* Data supplied:
Segment Open
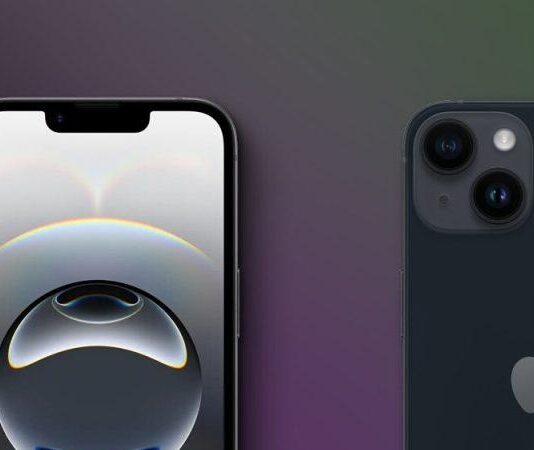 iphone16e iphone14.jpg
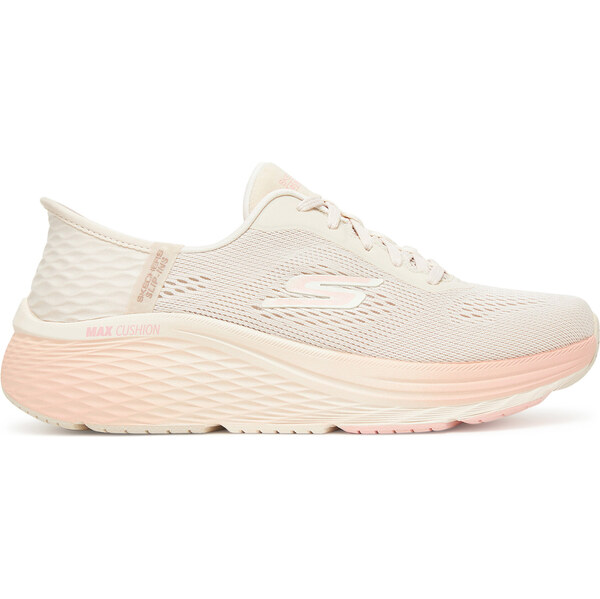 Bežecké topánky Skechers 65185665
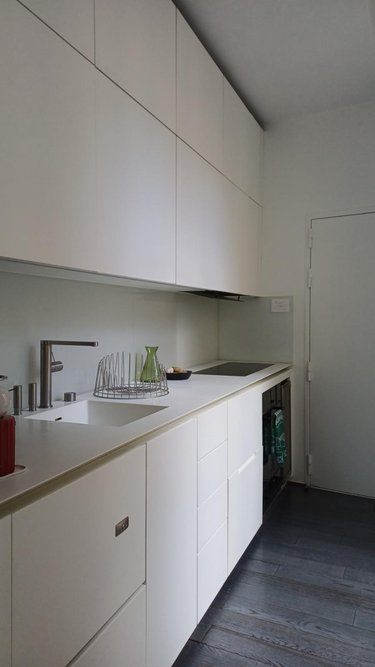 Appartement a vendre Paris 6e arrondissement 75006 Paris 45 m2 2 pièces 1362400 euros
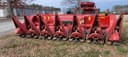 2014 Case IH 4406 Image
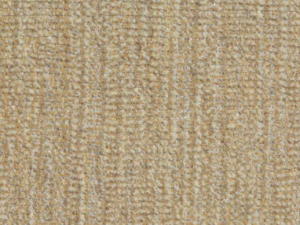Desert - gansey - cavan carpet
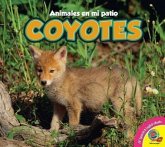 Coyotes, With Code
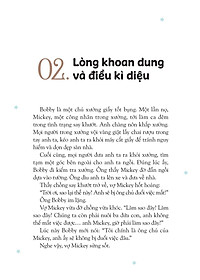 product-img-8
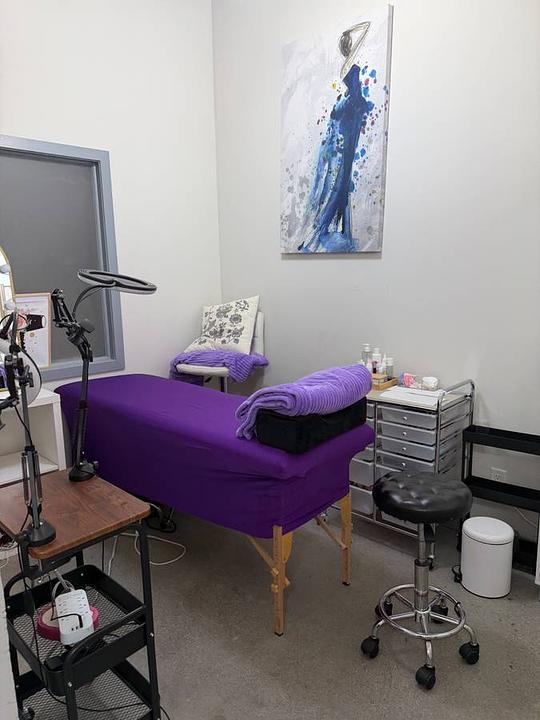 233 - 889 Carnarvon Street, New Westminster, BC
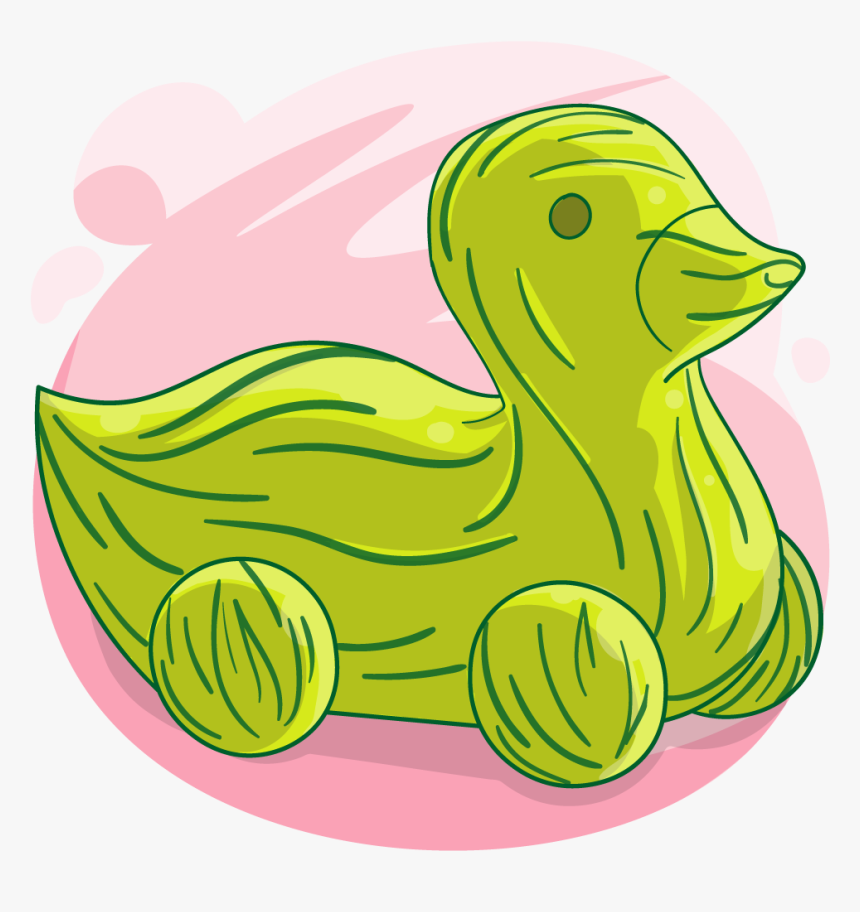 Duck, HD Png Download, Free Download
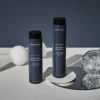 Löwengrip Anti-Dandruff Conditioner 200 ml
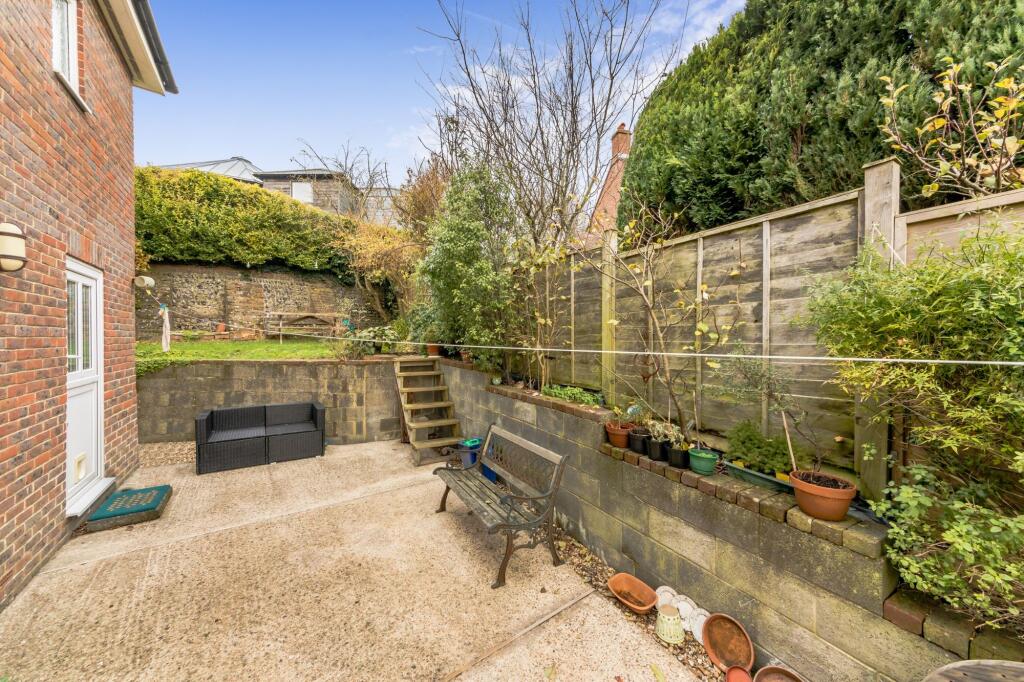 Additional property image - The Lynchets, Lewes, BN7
Segment Closed
Segment Open
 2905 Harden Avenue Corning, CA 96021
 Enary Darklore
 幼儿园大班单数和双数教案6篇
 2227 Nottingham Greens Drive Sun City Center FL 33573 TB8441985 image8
Segment Closed
Segment Open
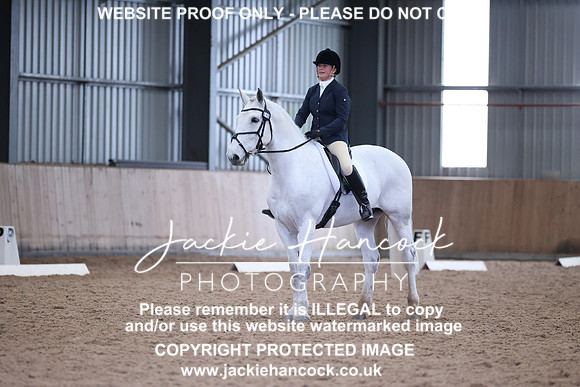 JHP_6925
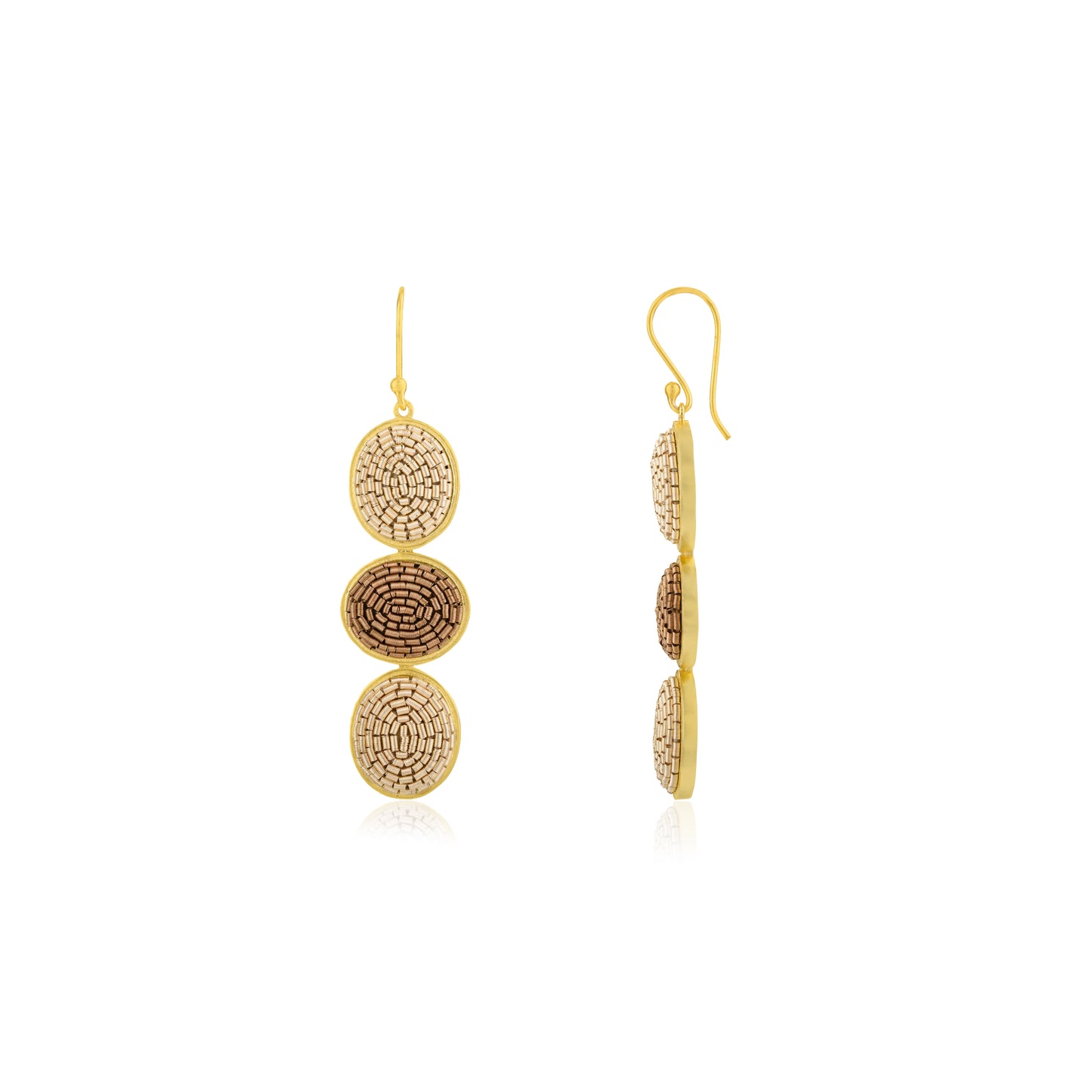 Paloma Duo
Segment Closed
* Task to carry out: When you reach the line with "Bežecké topánky Skechers 65185665" in the records above, start writing out each line exactly, and stop after the line with "Löwengrip Anti-Dandruff Conditioner 200 ml". Pictures stay out.

* Exercise output:
 Bežecké topánky Skechers 65185665
 Appartement a vendre Paris 6e arrondissement 75006 Paris 45 m2 2 pièces 1362400 euros
 2014 Case IH 4406 Image
Desert - gansey - cavan carpet
 Coyotes, With Code
 product-img-8
 233 - 889 Carnarvon Street, New Westminster, BC
 Duck, HD Png Download, Free Download
 Löwengrip Anti-Dandruff Conditioner 200 ml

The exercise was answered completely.